The district court rejected plaintiff's request to include migraine headaches as an identified impairment, stating that it was not an impairment "based on the law." Aplt. App., Vol. VI at 707. A few courts have recognized that an individual's migraines, given probative evidence demonstrating their severity and functional impact, can constitute a physiological disorder which affects a plaintiff's neurological and vascular systems, and, therefore, be an impairment as defined by the ADA. Hendry v. GTE North, Inc., 896 F. Supp. 816, 824 (N.D. Ind. 1995); Carlson v. InaCom Corp., 885 F. Supp. 1314, 1320 (D. Neb. 1995); Dutton v. Johnson County Bd. of County Comm'rs, 859 F. Supp. 498, 506 (D. Kan. 1994). Plaintiff's testimony does show some level of impairment, but neither her testimony nor any medical evidence in the record characterize plaintiff's migraines as causing significant functional impairment. Plaintiff did state that some of her migraines can be so debilitating that she cannot get out of bed and is sick to her stomach. She did not describe, however, any life activities affected by her migraines. She testified only that she had to leave work at Elitch early one day because of a migraine headache. Aplt. App., Vol. III at 276.
Thus, plaintiff's testimony does not show her migraines limit her ability to engage in work or any other major life activity. See Toyota, 534 U.S. at 197; see also Agee v. Northwest Airlines, Inc., 151 F. Supp. 2d 890, 895-96 (E.D. Mich. 2001) (holding plaintiff's migraines not a disability under the ADA because evidence showed migraines did not substantially limit his major life activities). In order for the court to conclude that plaintiff's migraines substantially limited her major life activity of working, she would have to show that her migraines render her unable to work in a broad class of jobs. Sutton, 527 U.S. at 491 (the "statutory phrase 'substantially limits' requires, at a minimum, that plaintiffs allege they are unable to work in a broad class of jobs."). There was no such evidence here.

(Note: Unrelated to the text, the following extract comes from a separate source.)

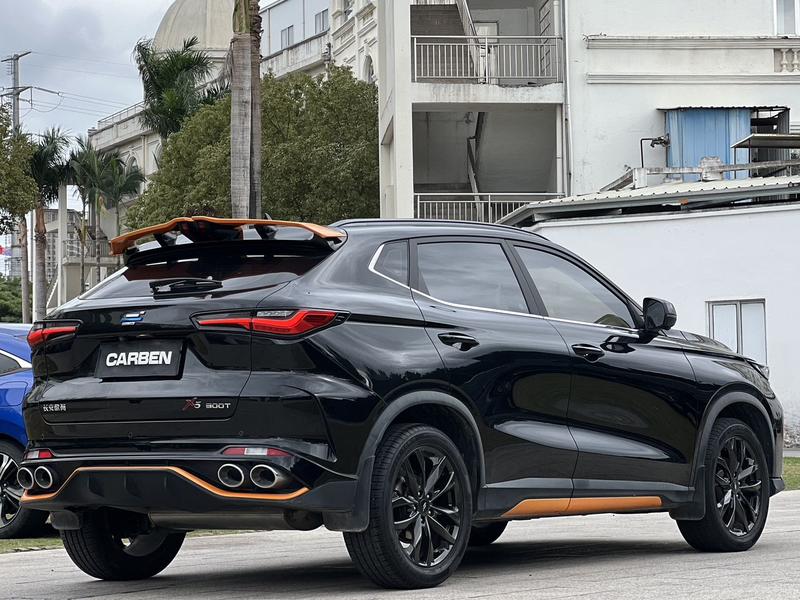 Changan Oshan X5 - фото 4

Further, the determination whether an individual is disabled for ADA purposes is to be made with reference to measures that mitigate the impairment. Id. at 488. Here, plaintiff's testimony was that, except for two or three times a month, her medication controlled the symptoms of her migraines. We cannot say on this record that plaintiff demonstrated that she was limited in any major life activity at the time of the employment actions complained of, as required by § 12102(2)(A). Because plaintiff failed to present evidence that her migraines limited any of her major life activities, the district court did not err in refusing to include migraines as a limiting impairment in the jury instructions.

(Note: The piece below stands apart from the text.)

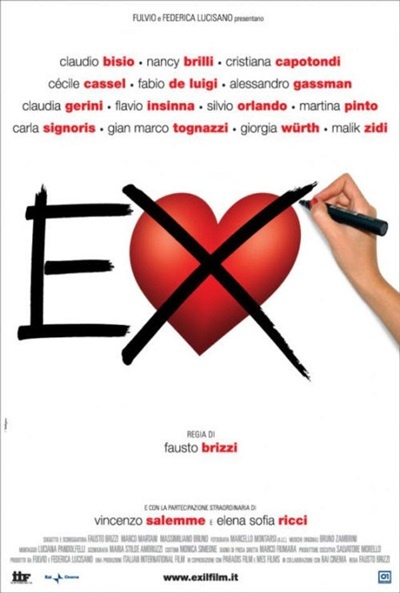 Póster de Ex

The judgment of the district court is AFFIRMED.
Entered for the Court
Michael W. McConnell
*. This order and judgment is not binding precedent, except under the doctrines of law of the case, res judicata, and collateral estoppel. The court generally disfavors the citation of orders and judgments; nevertheless, an order and judgment may be cited under the terms and conditions of 10th Cir. R. 36.3.